Раньше он считал: ну, теряются при виде симпатичного парня. Вполне понятно. А сегодня подумал: «Неужели и они... как Антон Смолин?» И сразу все девчонки стали чем-то походить на сестру Зойку. И Зойка вспомнилась — заплаканная, испуганная и... гордая. Даже надменная. Он пошел проводить ее, но на полдороге, угадав издали знакомого парня, в окружении родни спешившего на тот же, что и они, сборный пункт, торопливо простился, путано объяснил, что срочно должен сбегать в консерваторию и мигом вернется, и Зойку еще увидит, проводит к эшелону. Убежал, оставив сестру с подружками и убитой расставанием матерью. И не вернулся. Просидел в консерваторской библиотеке над какой-то ненужной книгой...
Потом он долго ходил по улицам и вернулся домой ночью, но все равно — раньше матери. Она пришла под утро, уставшая и тихая. Не сняв пальто, прошла в комнату, села к столу напротив Геннадия, подняла на него словно бы остановившиеся глаза.
— Я не нашел вас, — соврал он.
— Я так и думала — эшелон ушел с Сортировки.

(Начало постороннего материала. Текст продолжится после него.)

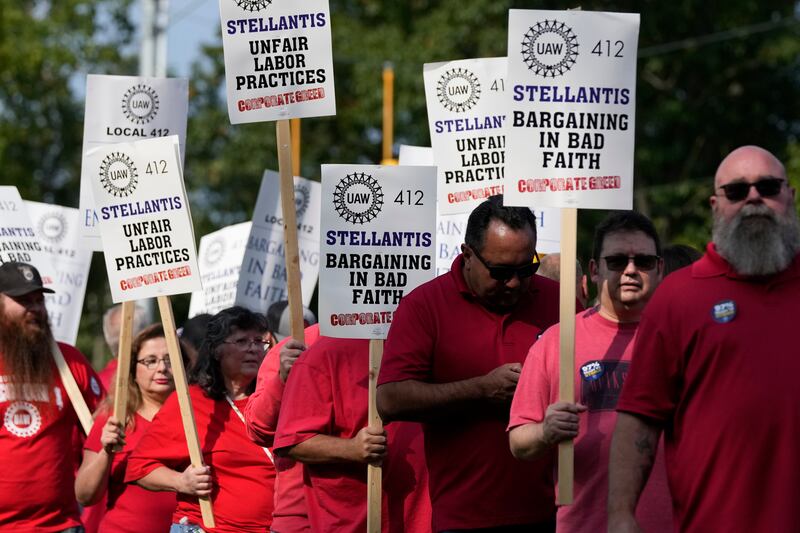 United Auto Workers march outside the Stellantis North American Headquarters in Auburn Hills, Mich.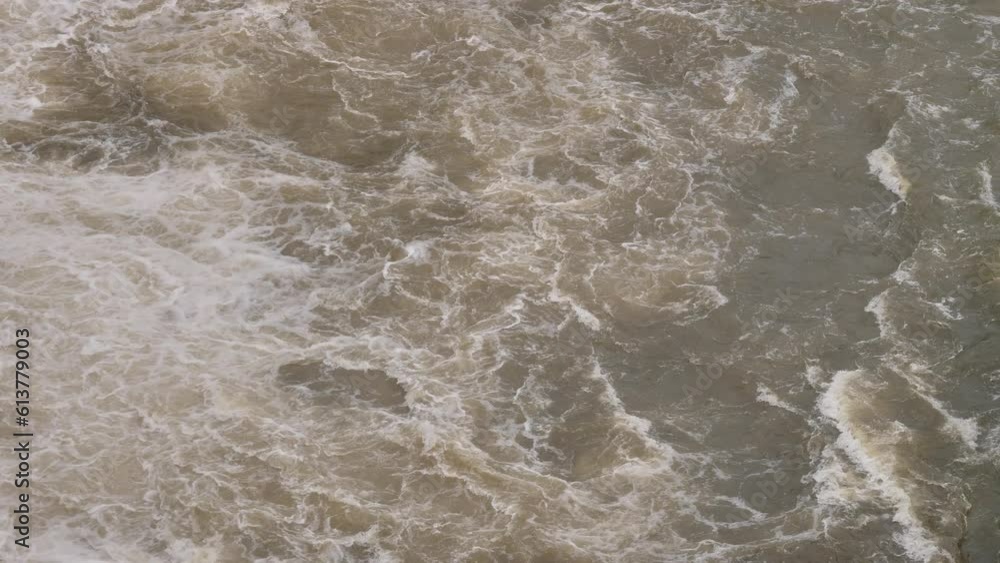 Handheld shot of Hinze Dam water flows under heavy rain during La Niña, Gold Coast Hinterland, Queensland, Australia Handheld shot of Hinze Dam water flows under heavy rain during La Niña, Gold Coast Hinterland, Queensland, Australia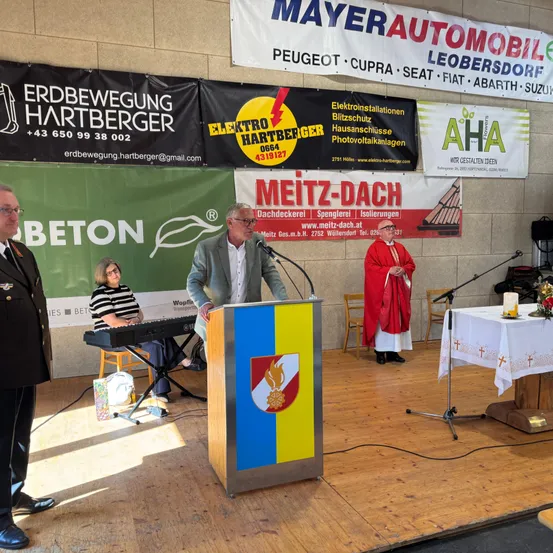 Ein Podium mit Schild und Mikrofon steht auf einer Bühne. Ein Mann spricht am Podium, begleitet von einem Priester und einer Frau am Klavier. Banner hängen im Hintergrund.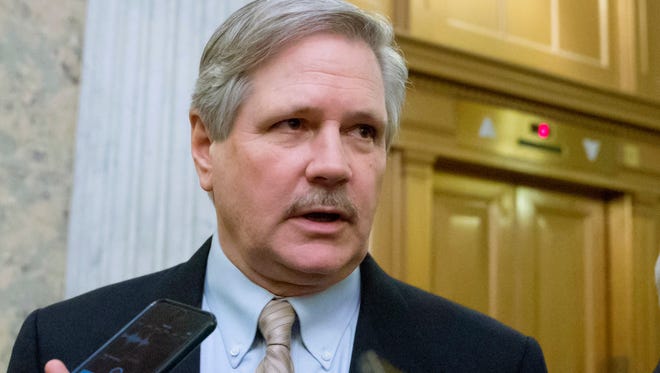 U.S. Sen. John Hoeven, R-N.D. speaks to reporters on Capitol Hill in Washington. Congressional committees and farm groups have crafted language to fix a provision in the federal tax overhaul that gave an unintended tax advantage to farmers who sell their crops to cooperatives instead of other buyers.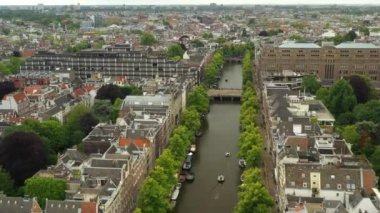gün batımı Amsterdam şehir merkezi hava panorama 4k hollanda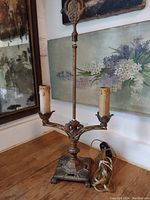 Full view of the antique bouillotte lamp showing ornate metal construction, two candle-style light arms with faux wax candle sleeves, and the central decorative finial.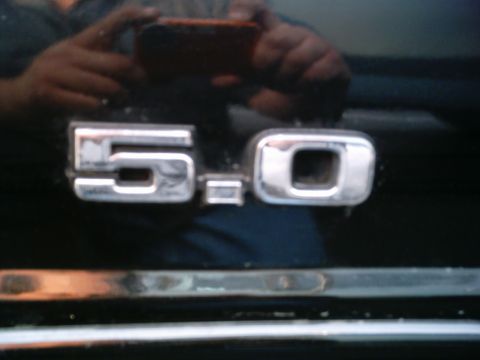 1986 Ford Bronco - Close-up of a 5.0 liter engine badge, likely from a Ford vehicle.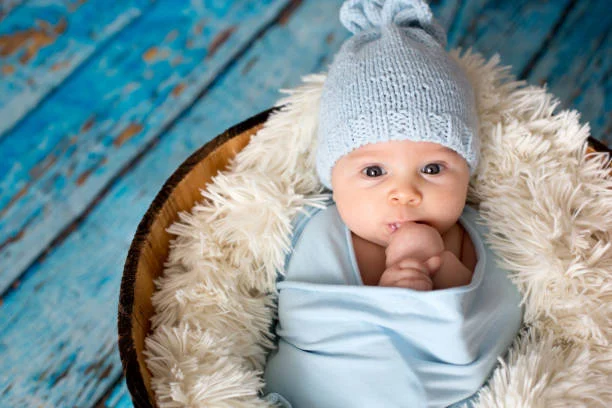 Newborn baby in a cozy basket, wearing a light blue wrap and knitted hat, with a soft background.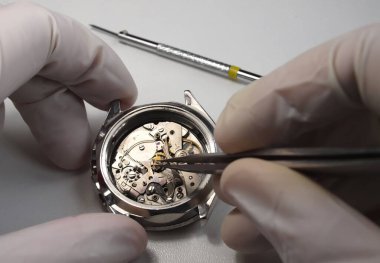 antika kronograf saati üzerinde çalışan saatçiyi kapat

Тогда Геннадию показалось: она поверила. Сейчас он не сомневался: мать знала, что он соврал.
И отдаленно, неясно возникла в нем не то жалость, не то зависть к Зойке. Потом все это подавила невесть откуда взявшаяся виноватость перед нею. И тогда захлестнул стыд. Осознанный, жгучий стыд перед сестрой, перед матерью, перед Люсей. Перед фронтовиком Антоном. Перед встречными, глазеющими на него девчонками. А что если все они думают, будто он — трус? Мысли, что он и на самом деле трус, Геннадий не допускал.
Он уже шел по коридору общежития и жалел, что не повернул обратно еще там, на улице. Ему казалось, что любой, кого он встретит, прочтет на его лице боязнь, беспокойство и непременно догадается, о чем он сейчас думал. А догадавшись, действительно сочтет его трусом.